An exact copy of the lines of the listing below between the "Figure 3 – Quantitative" line and the "二重埋没 / 上まぶたの脂肪取り アリエル美容クリニック 水戸院 DAY 21 メイン用" line, both included, is the whole answer; please omit the pictures.

SUPPLIED DATA: Begin

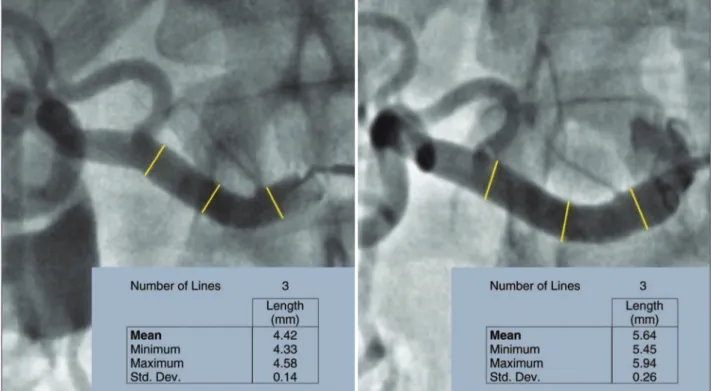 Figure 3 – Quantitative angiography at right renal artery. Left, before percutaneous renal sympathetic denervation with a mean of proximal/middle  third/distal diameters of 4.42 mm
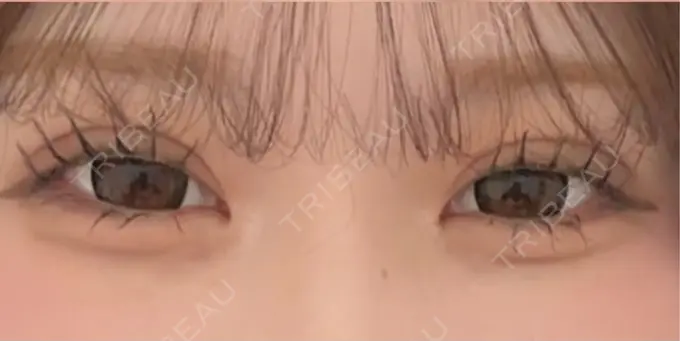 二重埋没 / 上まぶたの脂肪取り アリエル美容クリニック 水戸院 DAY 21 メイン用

SUPPLIED DATA: End
SUPPLIED DATA: Begin

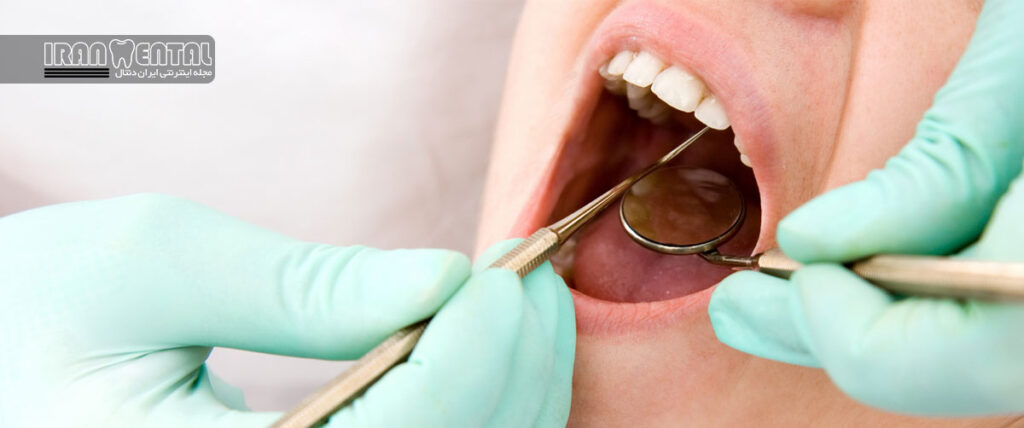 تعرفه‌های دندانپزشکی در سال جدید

SUPPLIED DATA: End

** TASK ANSWER **
 Figure 3 – Quantitative angiography at right renal artery. Left, before percutaneous renal sympathetic denervation with a mean of proximal/middle  third/distal diameters of 4.42 mm
 二重埋没 / 上まぶたの脂肪取り アリエル美容クリニック 水戸院 DAY 21 メイン用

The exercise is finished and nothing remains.